Last time as I introduced the second workflow, you might have thought that life is all sunshine and if you’re good enough, you’ll have a hard time spend the enormous amount of free time you have. Well, this is not the case.
Today, I introduce you one of the most used workflow which involves much more work than the previous one.
3rd workflow – real post production
In this case we still have our trusty big Studer Vista system for two reasons. One is to have enough preamps for all the things we need to record, and the second is to mix a well balanced usable audio guide master so the picture department will be able to start editing after the event. It doesn’t matter what type of act/show/concert, it is your job to make solid mix. Not only the picture guys need this, but all the parties involved in the production are going to use your mix to evaluate and make decisions. Decisions about additional recordings, possible retakes, if it’s a music project then the band is going to use this mix to decide if they need some corrections. While this might seem like a too big thing to ask, honestly I love this part for several reasons.
First, you’ll become familiar with the material, when you’re going to start the post process, you’ll already know the possible weak spots.
Second, after the event, because you spent long hours with the production, you’ll have the knowledge to make a really efficient master session.
Third, if you made notes during the event (or you have such a good memory that you can remember every tiny detail) you know what things you need to correct. For example who are the actors or interviewees who needs special treatment, etc.
Four, because you’ve been involved from the start, your mix sessions going to be really enjoyable as you know every detail, you’ve already went through the material multiple times so you have more time to experiment and be creative.
So, you’re ready with the recording part, have your raw tracks and your stellar guide mix.
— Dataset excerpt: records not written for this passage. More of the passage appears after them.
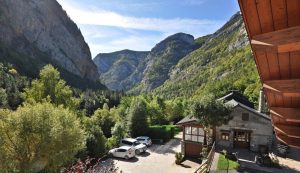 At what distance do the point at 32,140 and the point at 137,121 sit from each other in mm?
25830

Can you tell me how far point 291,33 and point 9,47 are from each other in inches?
6064

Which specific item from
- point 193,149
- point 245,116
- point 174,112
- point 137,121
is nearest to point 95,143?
point 193,149

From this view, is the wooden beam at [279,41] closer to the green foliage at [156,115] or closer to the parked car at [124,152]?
the parked car at [124,152]

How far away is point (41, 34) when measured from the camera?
169875 mm

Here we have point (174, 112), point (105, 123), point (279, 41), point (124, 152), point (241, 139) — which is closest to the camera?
point (279, 41)

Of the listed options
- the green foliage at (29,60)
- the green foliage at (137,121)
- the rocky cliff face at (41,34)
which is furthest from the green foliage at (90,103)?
the rocky cliff face at (41,34)

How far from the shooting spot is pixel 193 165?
1271 inches

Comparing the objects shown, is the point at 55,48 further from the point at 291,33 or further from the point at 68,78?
the point at 291,33

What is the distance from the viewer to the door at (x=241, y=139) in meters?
31.3

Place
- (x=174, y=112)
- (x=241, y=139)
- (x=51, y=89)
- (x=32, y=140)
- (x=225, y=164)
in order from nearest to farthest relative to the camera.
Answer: (x=32, y=140)
(x=225, y=164)
(x=241, y=139)
(x=51, y=89)
(x=174, y=112)

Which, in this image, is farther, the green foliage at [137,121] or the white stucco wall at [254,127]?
the green foliage at [137,121]

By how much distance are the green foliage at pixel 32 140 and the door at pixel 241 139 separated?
1763cm

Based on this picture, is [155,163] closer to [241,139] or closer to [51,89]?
[241,139]

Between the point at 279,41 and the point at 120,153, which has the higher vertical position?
the point at 279,41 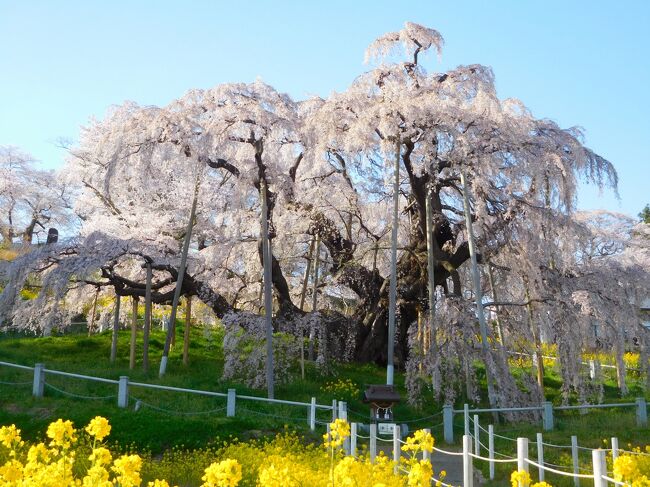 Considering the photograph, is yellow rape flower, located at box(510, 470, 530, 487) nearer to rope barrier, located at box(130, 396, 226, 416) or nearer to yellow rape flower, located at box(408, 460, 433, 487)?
yellow rape flower, located at box(408, 460, 433, 487)

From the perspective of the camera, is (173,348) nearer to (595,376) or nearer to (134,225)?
→ (134,225)

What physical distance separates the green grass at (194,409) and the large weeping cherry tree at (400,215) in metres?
0.93

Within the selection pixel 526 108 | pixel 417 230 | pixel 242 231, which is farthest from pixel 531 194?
pixel 242 231

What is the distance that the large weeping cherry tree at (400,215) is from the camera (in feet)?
54.2

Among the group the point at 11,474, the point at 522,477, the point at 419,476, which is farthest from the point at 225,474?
the point at 522,477

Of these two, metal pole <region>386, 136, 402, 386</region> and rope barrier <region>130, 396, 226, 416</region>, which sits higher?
metal pole <region>386, 136, 402, 386</region>

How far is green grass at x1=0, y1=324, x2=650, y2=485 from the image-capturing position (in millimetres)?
11914

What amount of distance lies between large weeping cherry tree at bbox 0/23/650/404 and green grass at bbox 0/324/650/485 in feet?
3.05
The guide track is good for everyone involved in the production, and it can also serve you if something seems to be missing or in question. So for safety and reference you should keep that muted in your session, maybe hidden in the track list. The next thing is editing. To clean out the junk from the tracks, make the fades, etc. As you can see, from now on, it’s the usual post process:
- temp mix
- final mix
So you literally recreate the show from scratch. The workflow can be modified if enough stem had been recorded, but most of the time, because of the complexity of the show that won’t help.
One tip. Always compare your finished final mix to your guide mix. You may be surprised! Believe it or not, it’s absolutely possible that your guide mix will blow the finished one out of the water. If that happen, you might want to work harder. The spontaneity and creativity of a live mix can be spectacular sometimes.
This is one of the most used workflow here, although we’re working on some change to make the whole thing more efficient.